Parse tags that look sort of like XML

Started by nandagopal, Nov 14, 2008, 04:10 PM

Previous topic - Next topic

nandagopal

The TagParser class parses some text and raises events when it reads tags. It raises the events ParseError, InteriorTag, and LeafTag.
The public ParseTags subroutine starts the process by calling ParseTheTags.

ParseTheTags looks at the beginning of the text to find the start tag. It then looks for the next corresponding closing tag and pulls out the text between.


' Parse the input text for tags.
Public Sub ParseTags(ByVal input_text As String)
    ParseTheTags input_text, 0
End Sub

' Pull off the next level of tag.
Private Sub ParseTheTags(ByRef input_text As String, ByVal _
    depth As Integer)
Dim pos1 As Integer
Dim pos2 As Integer
Dim tag_name As String
Dim tag_contents As String

    ' Trim the text.
    input_text = TrimWhitespace(input_text)

    ' Repeat while there is input text left.
    Do While Len(input_text) > 0
        ' Make sure the text begins with a tag.
        If Left$(input_text, 1) <> "<" Then
            RaiseEvent ParseError( _
                "Expected '<' but found '" & _
                input_text & "'")
            Exit Sub
        End If

        ' Find the start tag.
        pos1 = InStr(input_text, ">")
        tag_name = Mid$(input_text, 2, pos1 - 2)

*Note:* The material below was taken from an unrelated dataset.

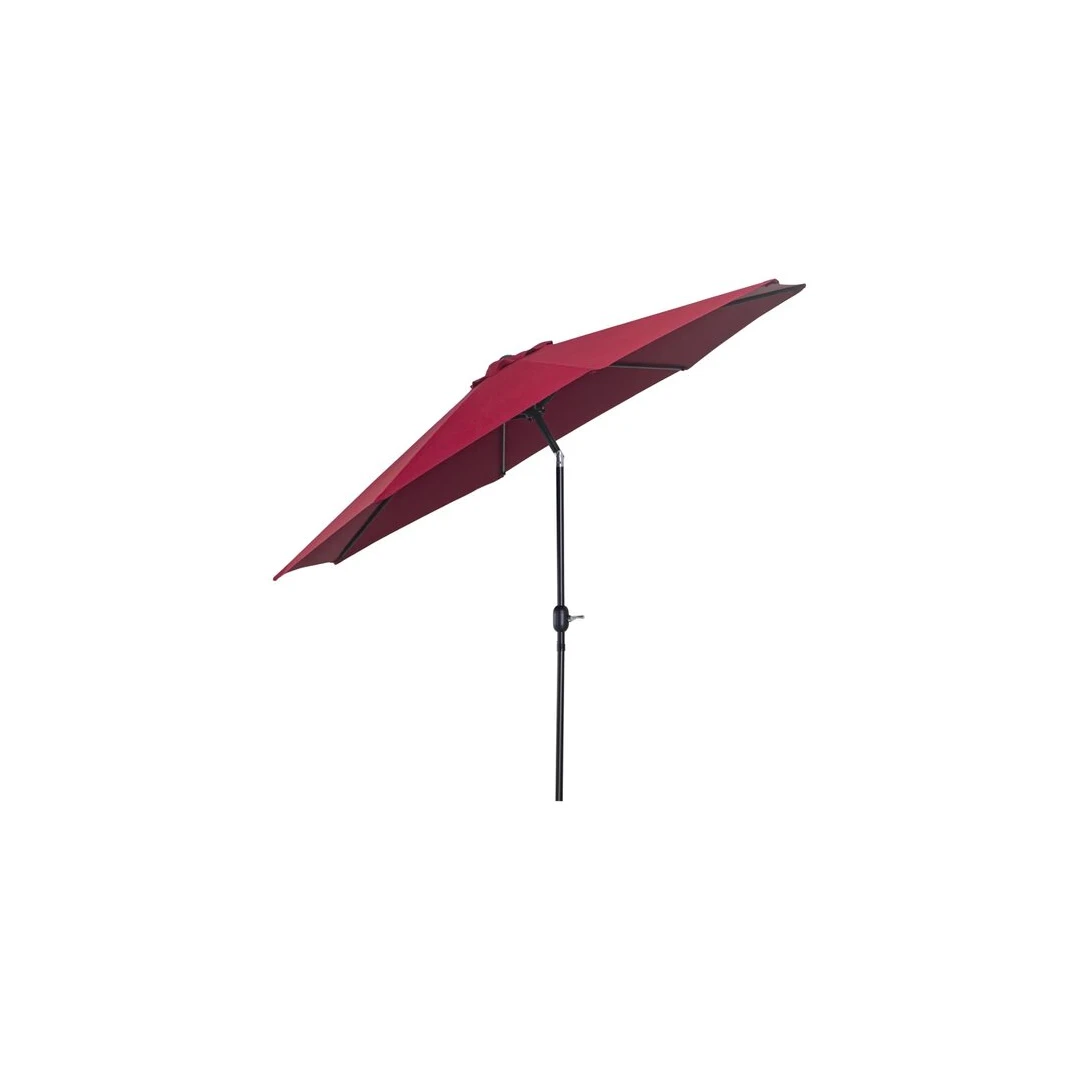 Umbrela gradina/terasa, cu inclinatie, manivela, rosu bordo, 300 cm - 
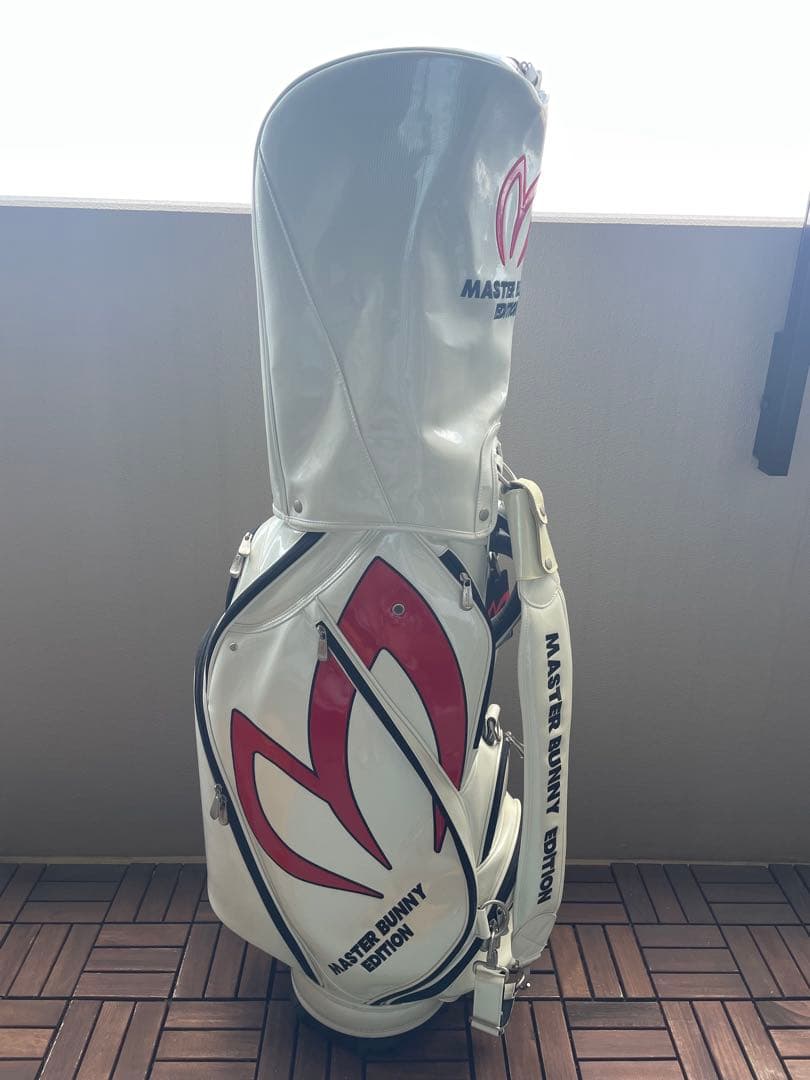 美品❗️マスターバニーエディション キャディバック ホワイト 9.5型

        ' Find the end tag.
        pos2 = InStr(input_text, "</" & tag_name & ">")
        tag_contents = TrimWhitespace(Mid$(input_text, pos1 _
            + 1, pos2 - pos1 - 1))

        ' See if the tag_contents begins with a tag.
        If Left$(tag_contents, 1) = "<" Then
            ' This is an interior tag.
            ' Raise the InteriorTag event.
            RaiseEvent InteriorTag(tag_name, tag_contents, _
                depth)

            ' Parse the tag for child tags.
            ParseTheTags tag_contents, depth + 1
        Else
            ' This is a leaf tag.
            ' Raise the LeafTag event.
            RaiseEvent LeafTag(tag_name, tag_contents, _
                depth)
        End If

        ' Remove the tag from the input text.
        input_text = TrimWhitespace( _
            Mid$(input_text, pos2 + Len(tag_name) + 3))
    Loop
End Sub


This class is similar to a stripped down version of the SAX (Simple API for XML) parser.